"Tangerine," opening this weekend, is not your average feature film. Not only does it star two first-time transgender actresses, it was shot entirely on an iPhone 5S.

Inspired by an intersection near director Sean Baker’s home in Los Angeles, the movie, from Magnolia Pictures, is a 21st-century twist on the classic Christmas Eve reunion. When hot-tempered Sin-Dee (Kitana Kiki Rodriguez) gets out of jail, the first person she goes to visit is her best friend, Alexandra (Mya Taylor). But as the two are catching up over doughnuts, Alexandra accidentally lets slip some bad news about Sin-Dee’s boyfriend.
Ultimately, the film is a rollicking comedy about “a woman scorned,” as Baker puts it, with all the hair-pulling and high drama you might expect. However, it’s also the portrait of a friendship and of one of the grittiest areas of LA, known for its transgender sex work.
Shooting with an iPhone “really stripped away any inhibitions” among the cast, Baker told TODAY.com, allowing him to get “up-close and personal” with his actors. Even with a telephoto lens, Baker said he was sometimes only a foot or two away from the people he was filming.
Still, despite the intimacy of the shoot, “the camera didn’t bother me,” said actress Mya Taylor, who played Alexandra. “I had a lot of room to improvise.”
To give the iPhone footage a more cinematic look, Baker used the app Filmic Pro, a hand-held support called the Smoothee and an anamorphic adapter from MoonDog Labs.

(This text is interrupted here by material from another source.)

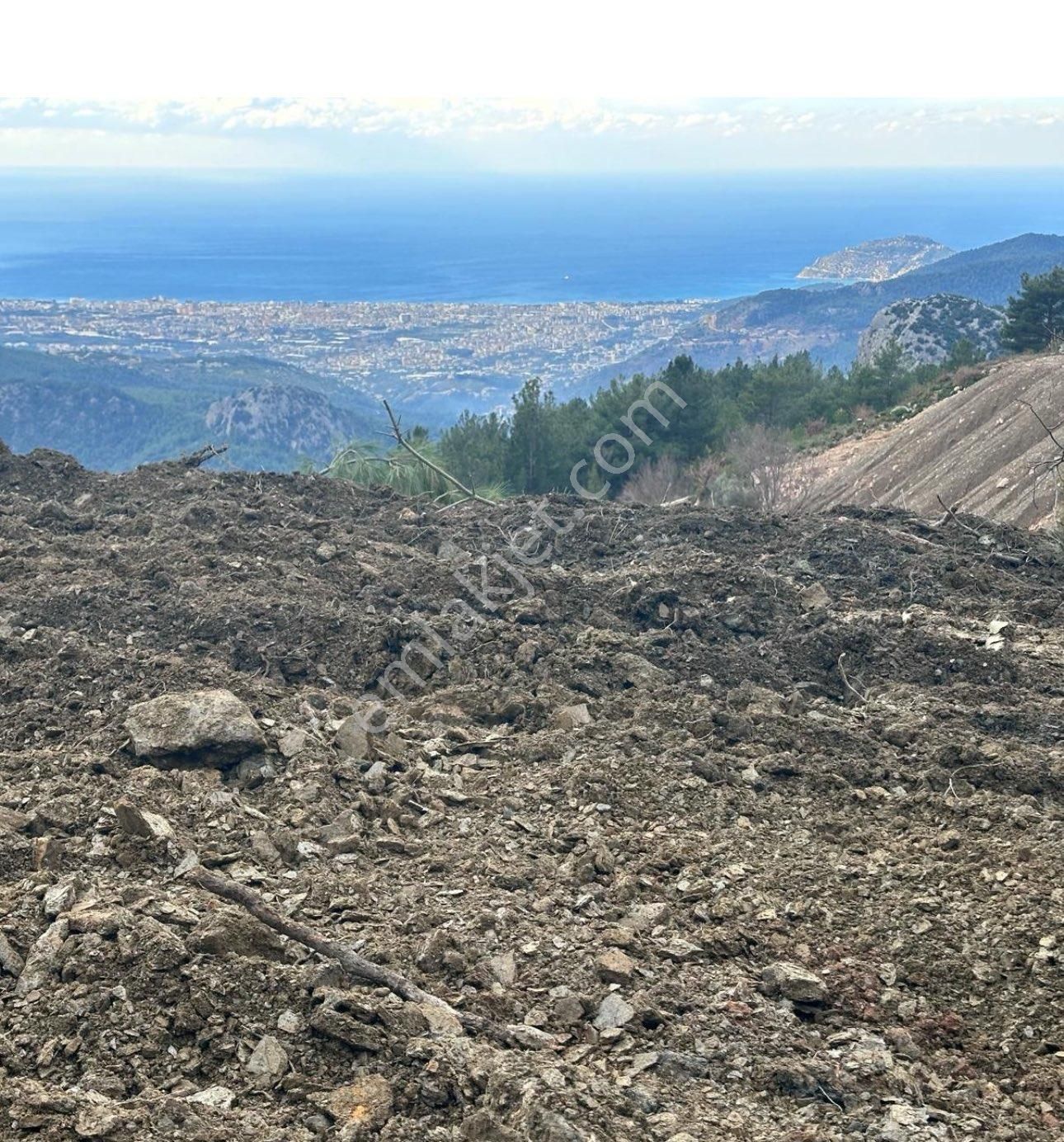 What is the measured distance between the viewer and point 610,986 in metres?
4.91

The adapter, which Baker received as a prototype specially for the film, changed the iPhone video into widescreen aspect ratio.

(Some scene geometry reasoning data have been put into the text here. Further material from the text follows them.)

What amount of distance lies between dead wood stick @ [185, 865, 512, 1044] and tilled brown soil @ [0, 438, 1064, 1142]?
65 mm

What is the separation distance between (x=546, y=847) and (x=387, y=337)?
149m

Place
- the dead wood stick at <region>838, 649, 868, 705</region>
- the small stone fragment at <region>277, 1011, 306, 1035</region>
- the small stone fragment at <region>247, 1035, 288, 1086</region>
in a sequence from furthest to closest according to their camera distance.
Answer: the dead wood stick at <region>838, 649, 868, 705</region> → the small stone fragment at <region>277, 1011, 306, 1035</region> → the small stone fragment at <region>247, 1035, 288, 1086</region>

“On a subconscious level, people associate widescreen aspect ratios with cinema,” Baker explained. “It elevates ["Tangerine"] to a whole other level.”
The iPhone is now the world’s most popular camera, according to Flickr, and Pixar Studios co-founder John Lasseter has predicted that it will play a major role in the future of cinema.

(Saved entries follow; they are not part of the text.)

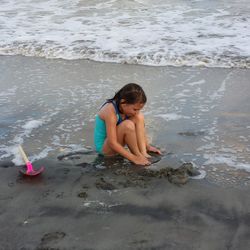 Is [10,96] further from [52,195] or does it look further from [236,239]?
[236,239]

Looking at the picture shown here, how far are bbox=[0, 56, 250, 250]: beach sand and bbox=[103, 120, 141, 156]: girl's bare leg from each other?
0.14m

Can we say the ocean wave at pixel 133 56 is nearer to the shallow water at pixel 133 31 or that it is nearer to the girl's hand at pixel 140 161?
the shallow water at pixel 133 31

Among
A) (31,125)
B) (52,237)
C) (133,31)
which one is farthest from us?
(133,31)

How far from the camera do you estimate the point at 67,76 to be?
694 cm

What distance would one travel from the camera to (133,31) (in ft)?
33.5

But Baker says that, given the choice, he wouldn't shoot with an iPhone again.
“If I had the money, I would be shooting 5mm celluloid film,” Baker told TODAY.com. “As [a] filmmaker, you’re looking to shoot the best quality you can.”
And if you’re wondering if the iPhone’s battery life was an issue during a 10-hour-plus shoot, Baker said that yes, it was.
The problem wasn’t “the storage,” Baker explained, “it was about running out of battery.”